С Пушкиным и Лермонтовым лирический герой Окуджавы встречается в Москве, в обжитом с детства пространстве. Но ради свидания с природным москвичом Грибоедовым он устремляется в Грузию; тем самым аллюзирована пушкинская «встреча» вдали от родных мест («Не думал я встретить уже когда-нибудь нашего Грибоедова!» [13, т. VI, с. 666]). У Пушкина выразителен переход от вопроса « Что вы везете?» к оживлению Грибоедова силой памяти – со всеми его жестами, интонациями, прощальными словами; Окуджава придает воскрешающей встрече буквальность.
В отличие от Пушкина, чей рассказ следует за квазиреальным событием, точно датированным (11 июня) и помеченным «на карте» путешествия (горная дорога близ крепости Гергеры), поэт современный волен пересоздавать действительность в ее пространственно-временн ы ' х связях:
Цинандальского парка осенняя дрожь. Непредвиденный дождь. Затяжной.
В этот парк я с недавнего времени вхож – мы почти породнились с княжной.
Петухи в Цинандали кричат до зари: то ли празднуют, то ли грустят...
Острословов очкастых не любят цари – Бог простит, а они не простят.
Петухи в Цинандали пророчат восход, и под этот заманчивый крик
Грибоедов, как после венчанья, идет по аллее любви, напрямик...
Выбор осени как исходной точки путешествия «я» во времени, навстречу Грибоедову, получает значение в связи с известными биографическими фактами: Грибоедов венчался с Ниной Чавчавадзе 22 августа по старому стилю, а уже 9 сентября отправился в Персию. Но «осенняя дрожь» природы дает почувствовать и пульсацию сегодняшних мгновений; поэт творит мир, в котором эмпирическое время едино с прошлым – отнюдь не прошедшим, не утраченным: это общее для лирического «я» и «княжны» время воспоминания / ожидания.
Гость цинандальского парка, оказавшись на пути «возвращения» Грибоедова, призван выполнить некую миссию, смысл которой раскрывается «на фоне Пушкина». Первая текстуальная отсылка к «Путешествию в Арзрум» – смертная арба . Попытка «отменить» ее реальность порождает два равноправных плана изображения:
... Грибоедов, как после венчанья, идет по аллее любви, напрямик, словно вовсе и не было дикой толпы и ему еще можно пожить, словно и не его под скрипенье арбы на Мтацминду везли хоронить;
словно женщина эта – еще не вдова и как будто бы ей ни к чему на гранитном надгробье проплакать слова смерти, горю, любви и уму;
словно верит она в петушиный маневр, как поэт торопливый – в строку.

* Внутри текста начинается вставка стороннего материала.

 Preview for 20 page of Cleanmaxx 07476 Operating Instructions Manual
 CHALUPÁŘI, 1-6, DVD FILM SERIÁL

Рассказ о «возвращении» ведется таким образом, что прямой путь оказывается очень длинным: и потому, что Грибоедов одолевает смерть, и потому, что одновременно с порывистым движением заглавного героя совершается внутреннее – нелегкое – движение лирического «я» к исполнению долга. Окончание протяженного периода приходится на середину строфы, что делает особенно ощутимым переключение планов; теперь для самой Нины долж- на прозвучать пушкинская оценка смерти Грибоедова как события прекрасного.
Если пафос грибоедовской эпитафии в «Путешествии...» имелцелью победить равнодушие современников, обязать друзей исполнить долг памяти, то акт переадресации отменяет эти задачи, оставляя любящую женщину наедине с фактом смерти. Так становится необходим «посредник», берущий на себя ответственность – ради женщины этой – за слово Пушкина. Сопровождая свой правдивый монолог учтивым жестом «кавалера», рыцаря княжны , лирический герой находит адекватную его цели форму речи. Теперь княжна может разделить с рассказчиком его восхищение Грибоедовым, вместе с самим героем рассказа пережить душевный подъем:
Нет, княжна, я воспитан на лучший манер, и солгать вам, княжна, не могу, и прощенья прошу за неловкость свою... Но когда б вы представить могли, как прекрасно – упасть, и погибнуть в бою, и воскреснуть, поднявшись с земли!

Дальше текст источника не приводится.